[Your objective] In the entries that follow, repeat exactly the lines from the one that has "À vendre et" through the one that has "Shop your favorite", but omit pictures.

[Data shown]
══════════

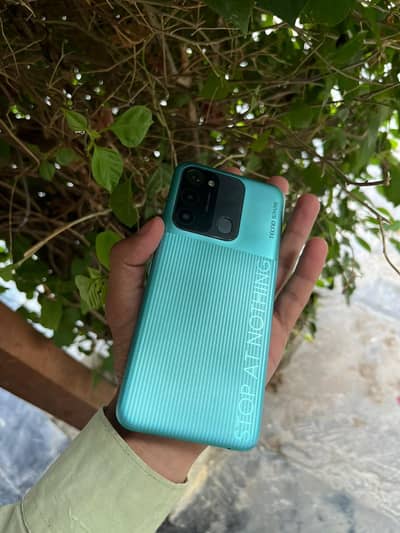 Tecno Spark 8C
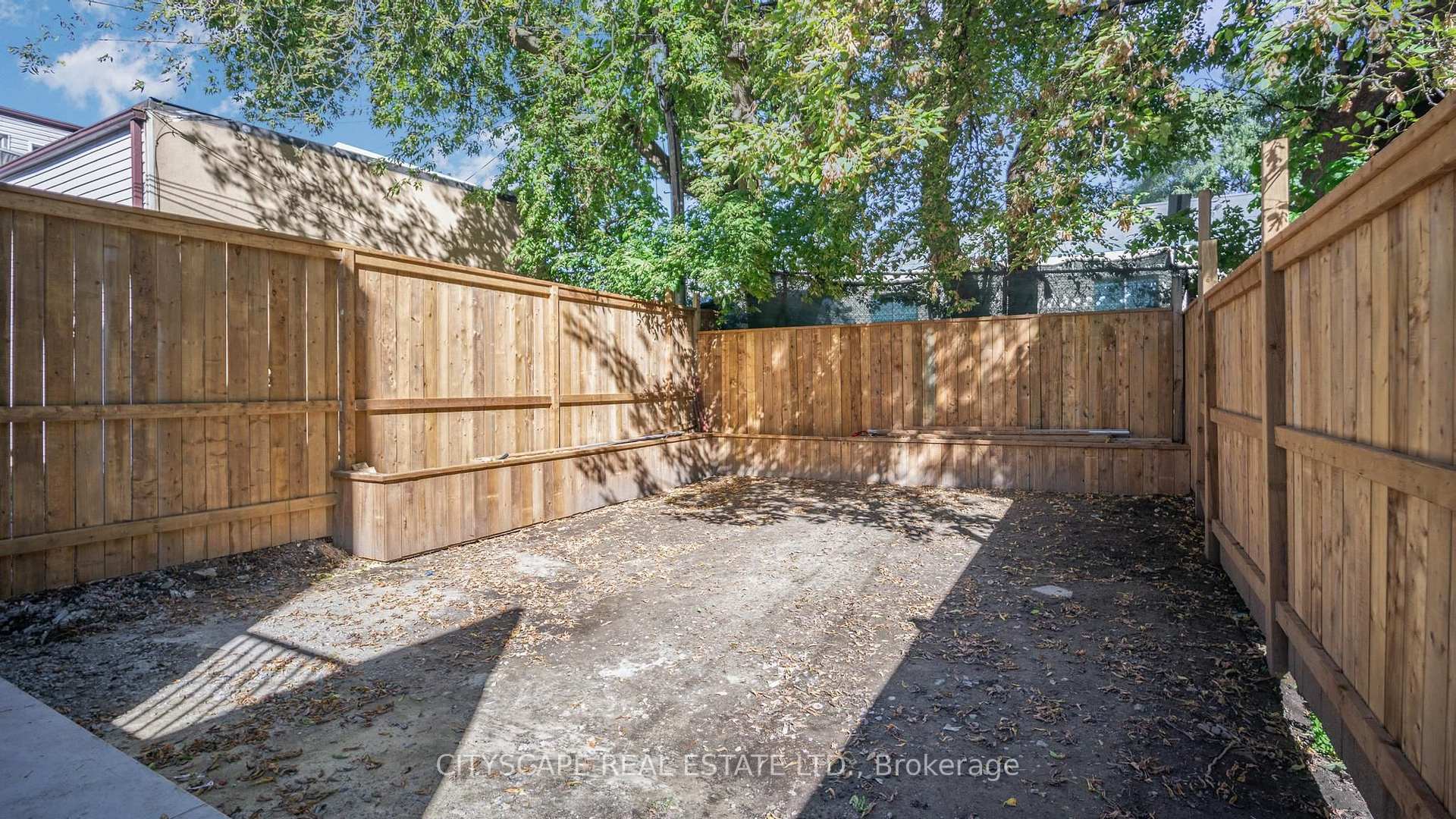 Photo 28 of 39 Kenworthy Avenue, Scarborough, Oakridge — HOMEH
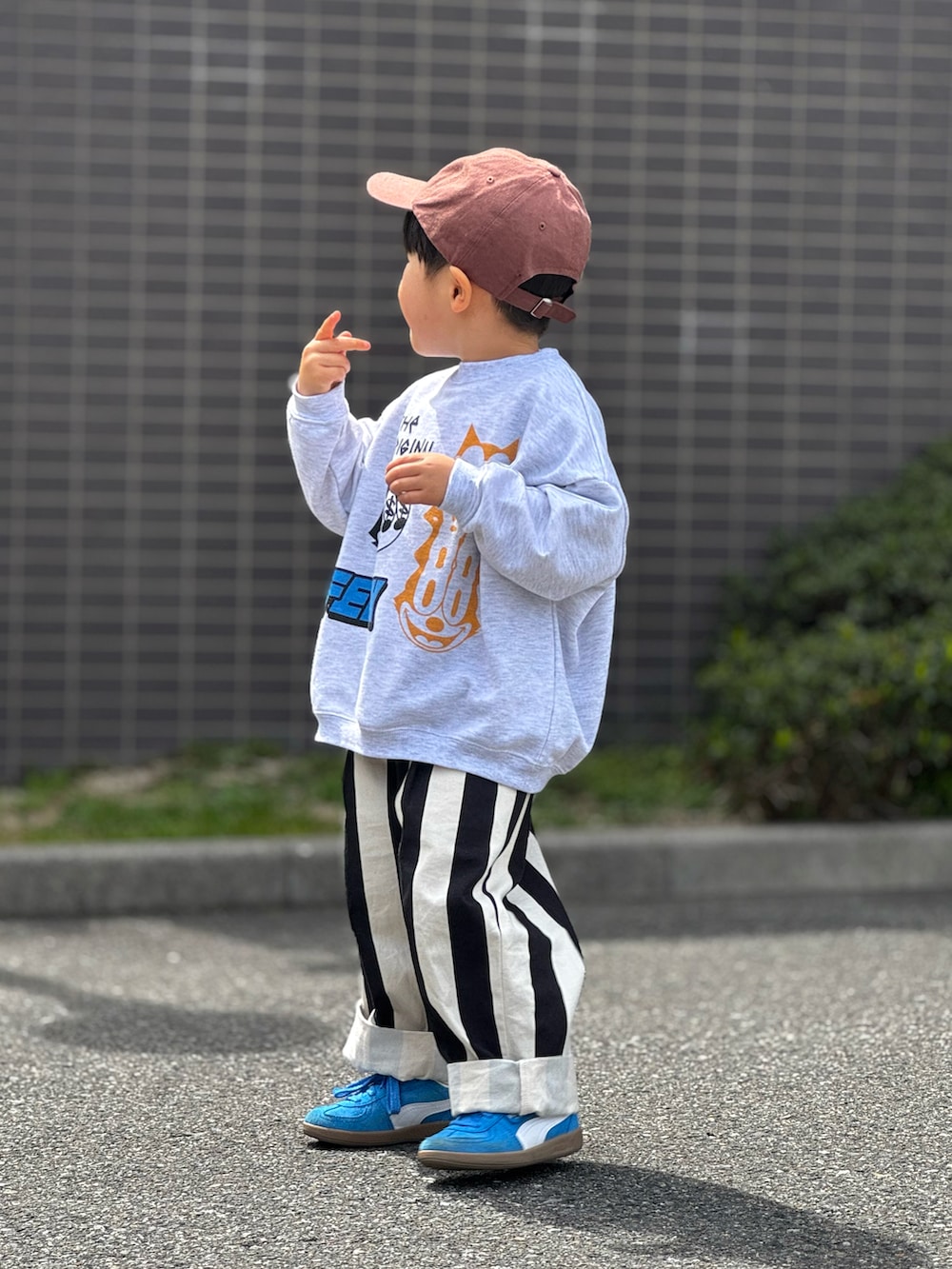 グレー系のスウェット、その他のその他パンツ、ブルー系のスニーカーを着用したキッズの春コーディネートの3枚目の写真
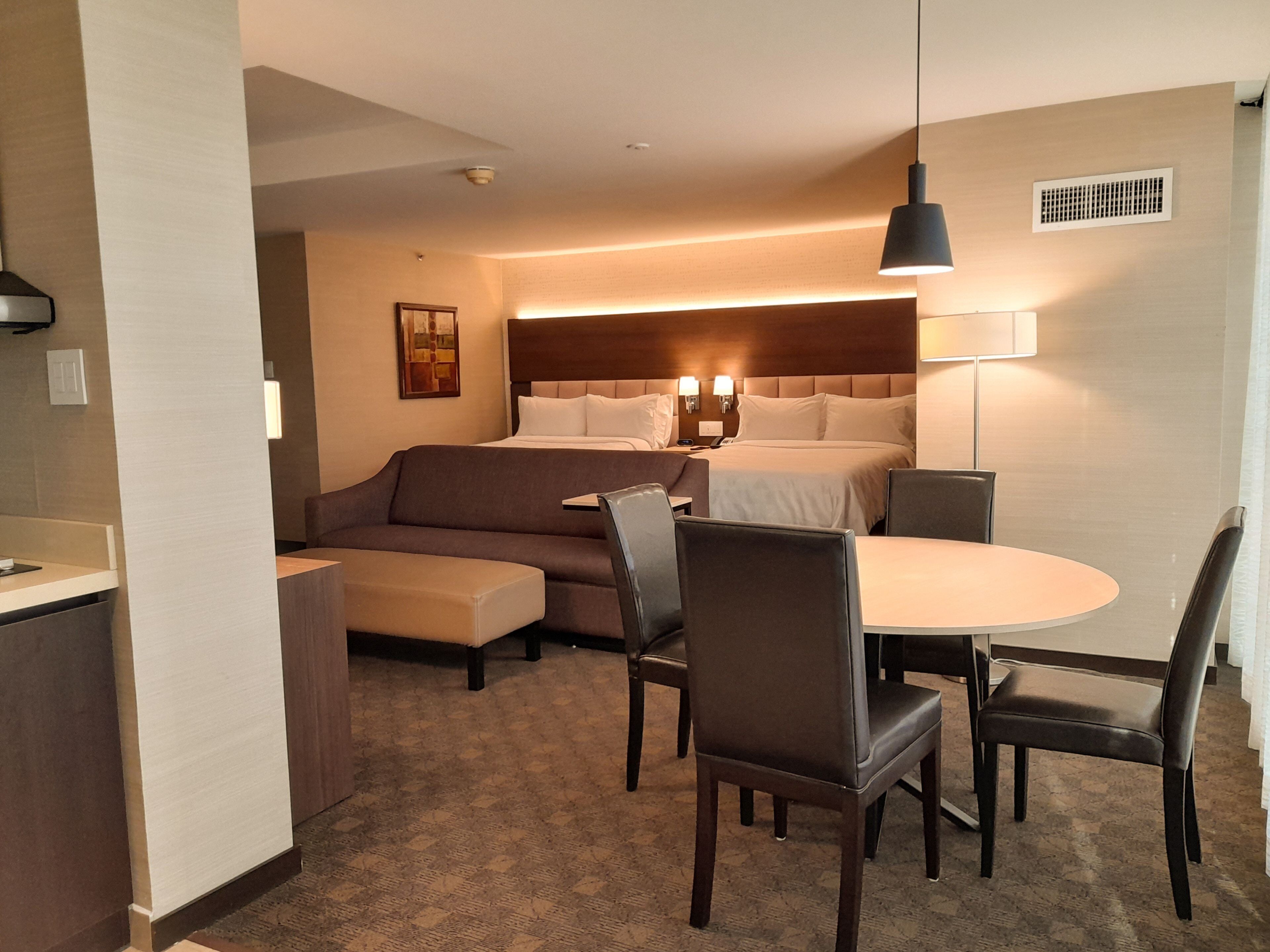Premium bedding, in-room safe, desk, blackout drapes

══════════

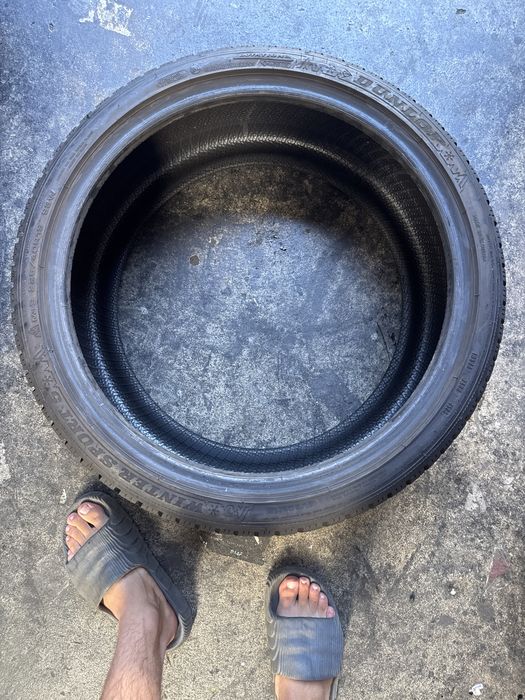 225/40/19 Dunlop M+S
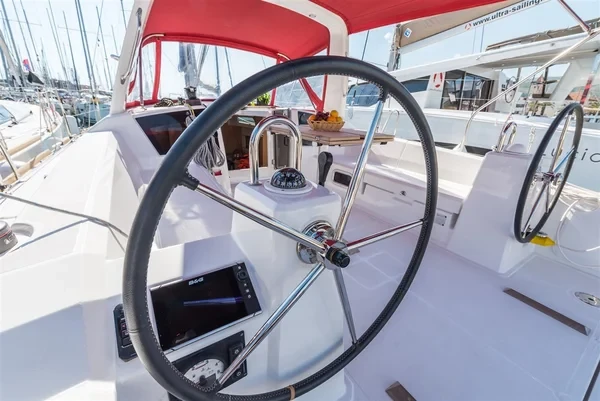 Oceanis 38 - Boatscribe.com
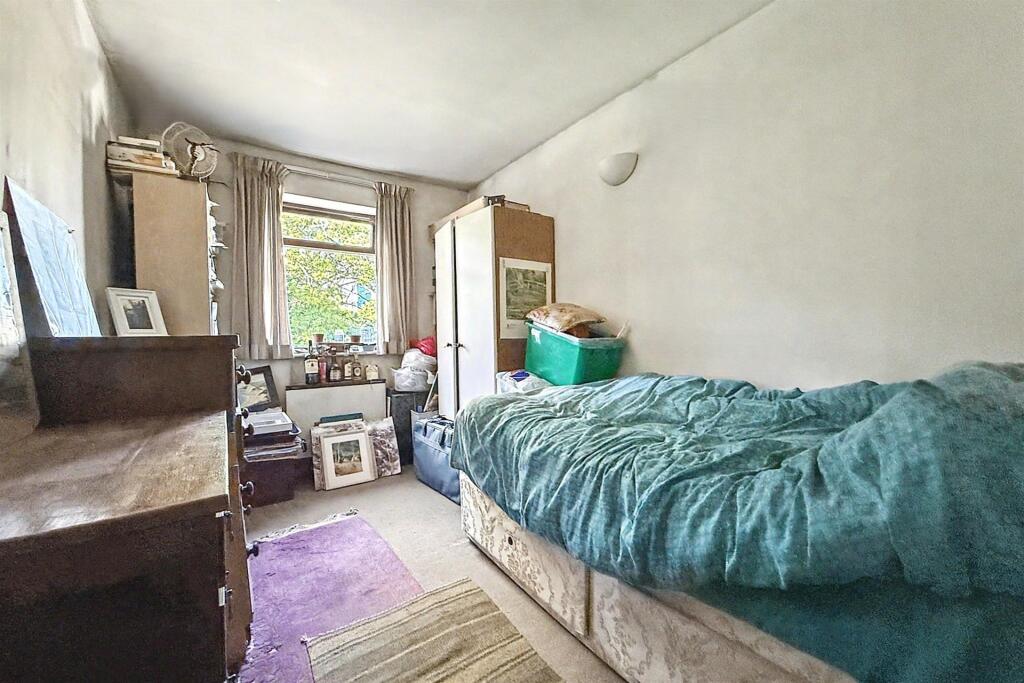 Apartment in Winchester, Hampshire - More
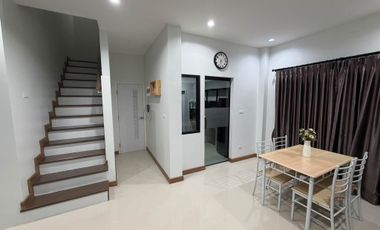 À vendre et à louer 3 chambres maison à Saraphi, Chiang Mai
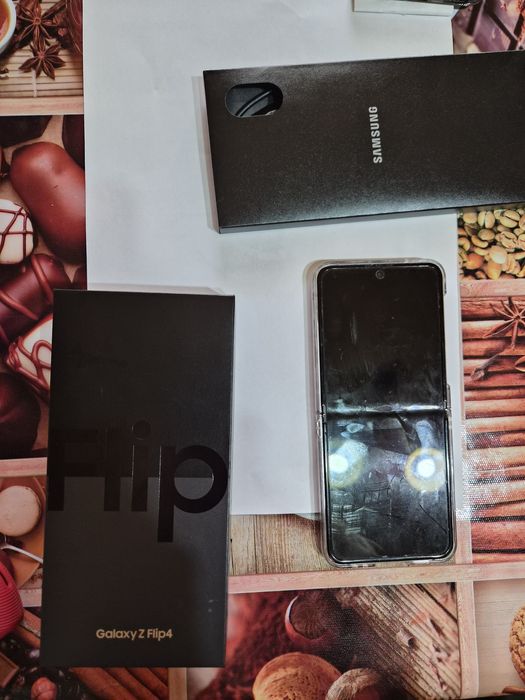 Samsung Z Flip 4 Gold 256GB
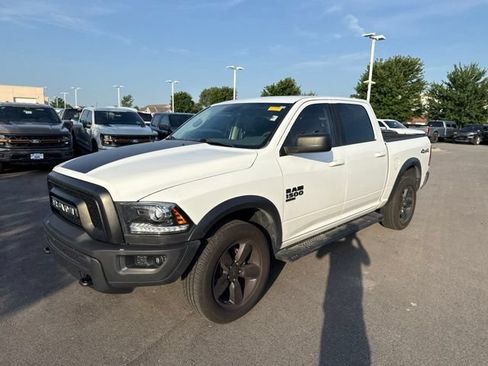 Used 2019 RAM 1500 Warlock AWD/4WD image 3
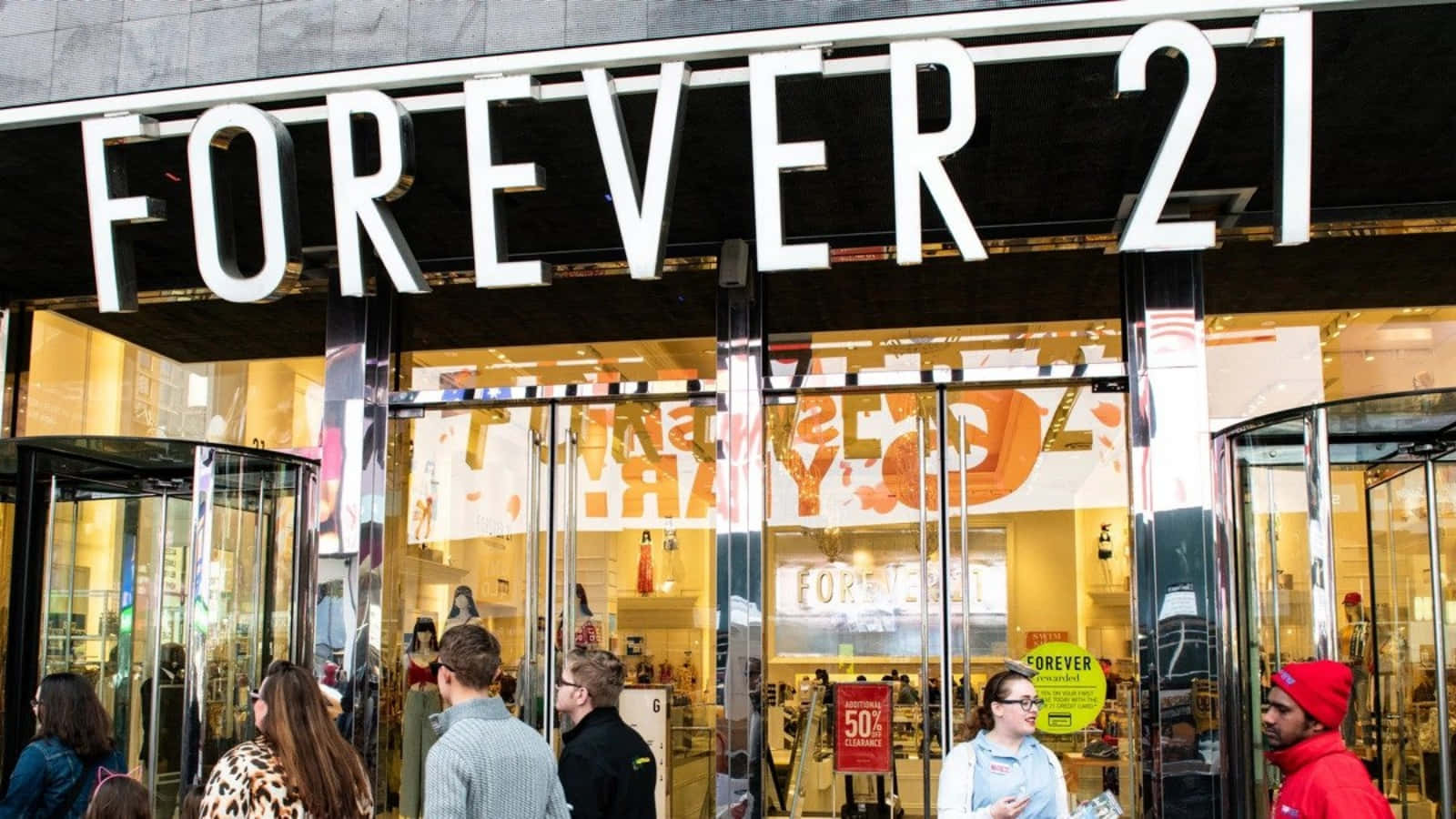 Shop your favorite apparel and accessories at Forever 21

══════════

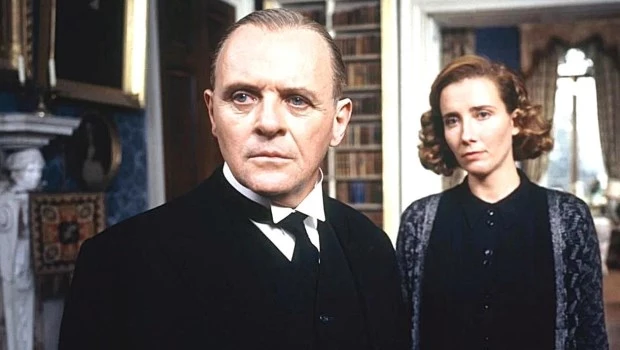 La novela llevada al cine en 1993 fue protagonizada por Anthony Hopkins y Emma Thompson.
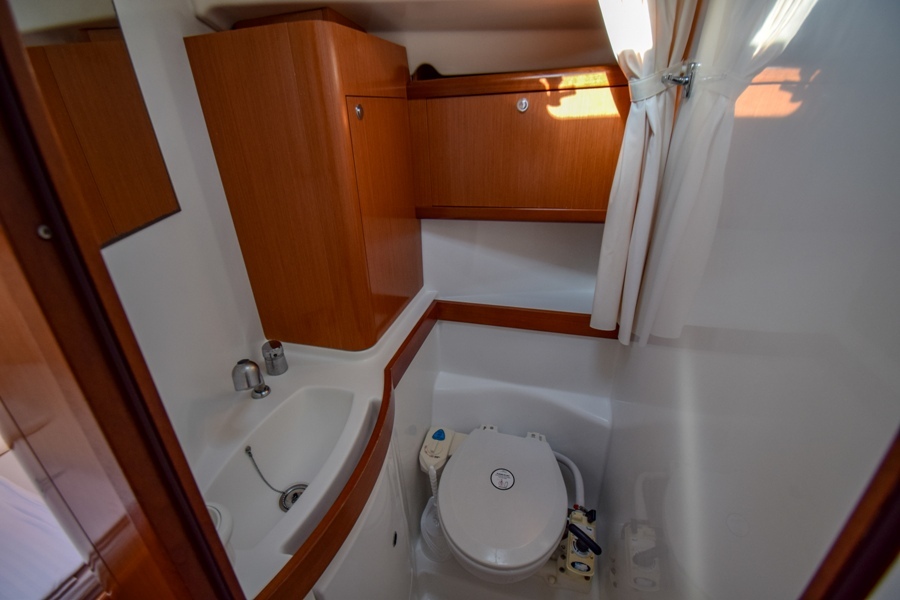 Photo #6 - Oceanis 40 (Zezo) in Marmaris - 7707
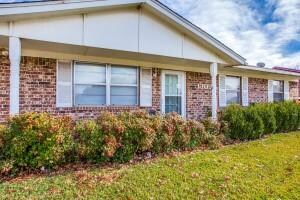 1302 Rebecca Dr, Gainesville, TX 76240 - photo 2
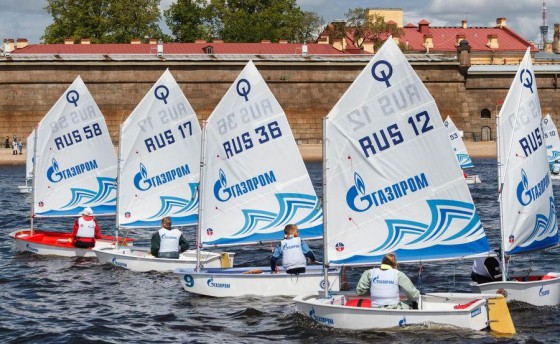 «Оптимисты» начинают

══════════

[Solution to this problem]
 À vendre et à louer 3 chambres maison à Saraphi, Chiang Mai
 Samsung Z Flip 4 Gold 256GB
 Used 2019 RAM 1500 Warlock AWD/4WD image 3
 Shop your favorite apparel and accessories at Forever 21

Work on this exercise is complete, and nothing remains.